On our way back to the bridge, Rosales wants me to see the consequences Hagelsieb had spoken of. We drive to a quiet street, lined with small, colourful bungalows. One yellow bungalow is distinguished by a large wooden cross in the front yard. Here, I’m told, on 30 January 2010, 15 teenagers were massacred during a party. Gunmen sealed off the street, entered the house and rained bullets on them. The reason: mistaken identity. They were at the wrong party.
Inside, the house has become a scruffy, unofficial shrine to the victims. Pictures and plaques adorn the walls. I don’t believe in the supernatural, but this place radiates horror.
We’re set to leave when a woman’s voice outside asks what we’re doing. She’s with her teenage son. Rosales asks the boy if he knew the people who died here.
“Yes,” he says. “I was here. I was shot three times.” It turns out he’s one of 14 survivors from the attack. I’ve never seen a bullet wound before and here I am seeing my first on a 19-year-old who has never been in the army or police. He was also shot in the back and in the side as he ran from the house, leading to five operations.
“Please, don’t show his face,” his mother begs. “He’s never spoken to the press before and I’m worried about repercussions.”
The son explains he was 14 at the time, but older kids had invited him to the party. “There were people outside with guns,” he says. “A neighbour came and pushed us all into a corner, telling us to get down. Then three gunmen came inside and started firing.”
How does it feel to have survived? “I appreciate life more,” he says. ”I try for closure, but everybody keeps asking what happened. A lot of morbid questions.”
The sheepishness on my face raises a smile from him.

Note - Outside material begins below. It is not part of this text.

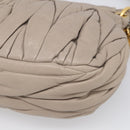 Miu Miu Hand Bag Leather 2way Beige Gold Auth 211847V-15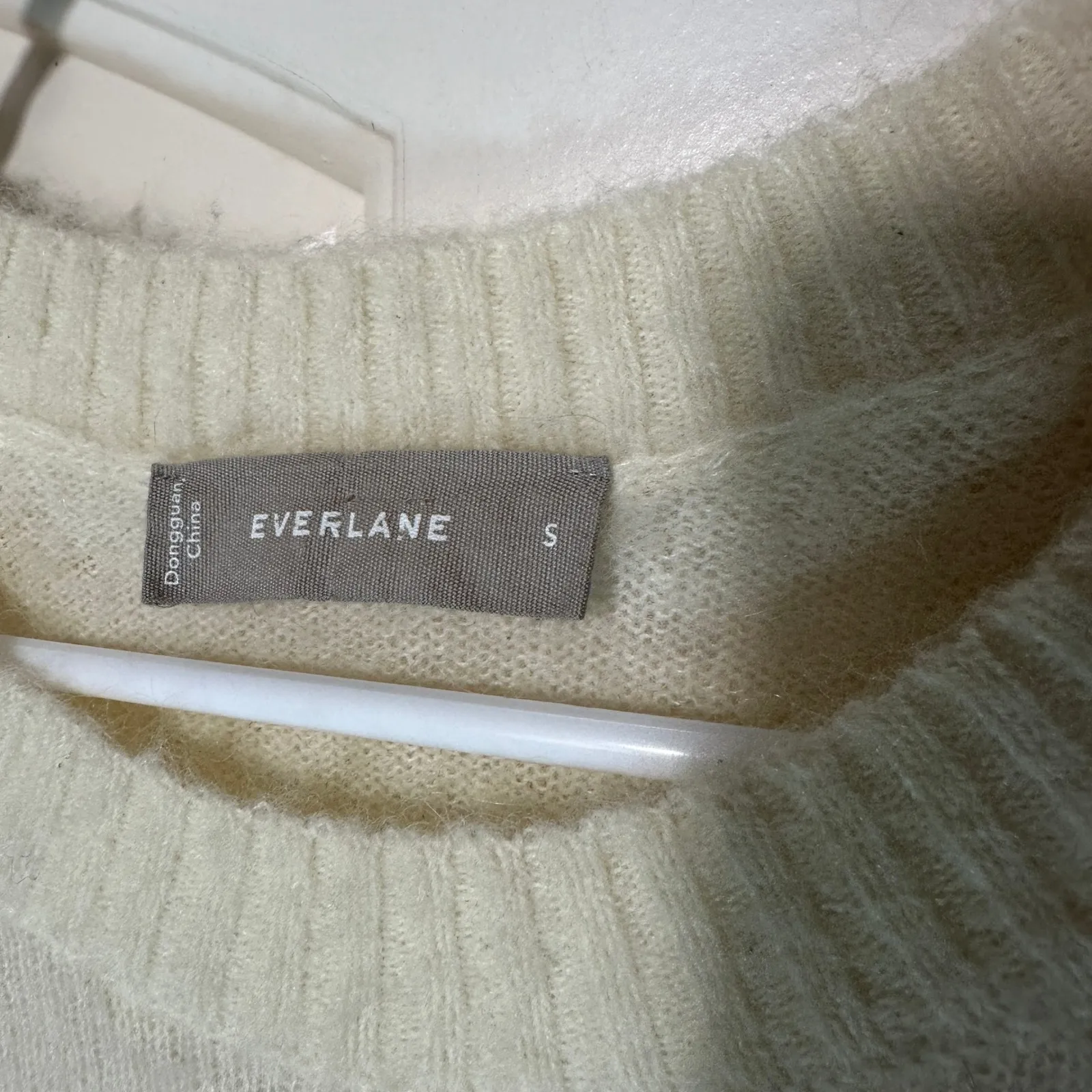 Everlane Alpaca Blend Knit Short Sleeve Sweater Top Cream Size Small Women‎ - Image 3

“I’m also more cautious. More careful about where I go and who I go with. It’s a terrible injustice. We didn’t do anything wrong.“
He points out the corner where the teenagers had gathered. I’m sure the neighbour meant well, but I fear he effectively corralled them into one, big easy target. I try to imagine what it would have felt like, to be lying there awaiting your fate as your friends scream and die around you. But of course I can’t. This is as gritty as it gets for someone like me. At least I hope it is. And I think that’s the lesson from the two cities.
Ignoring the cost
Their relationship, in some ways, reflects that of the ‘first’ world with places like Juárez. As the citizens here are intrinsically linked, we’re all increasingly part of one global community, for good or bad. Only the outrageous fortune of birth has landed us this side of the fence, away from the poverty, desperation and temptation.
Yet, in the same way that the young men of El Paso had their fun in the brothels and bars of Juárez before heading home to their own beds, we’re still happy to let cartels provide us with a good time, ignoring the cost.
Safe at home, the dirty work remains across the border.
Last week, the mayor of Juárez called for its citizens to boycott Sicario, claiming it didn’t represent the city today. He’s right, but beyond damaging the city’s non-existent reputation as a go-to tourist destination, his point is irrelevant. Yes, there are signs of hope – fewer heads on doorsteps, an economic recovery – but the problem hasn’t left. People still die and disappear because of cartels.
So perhaps our fascination with these bloodthirsty ‘Robin Hoods’, and the making of films like Sicario, is healthy – if we remember that what we see and what we read is, for some people, very, very real.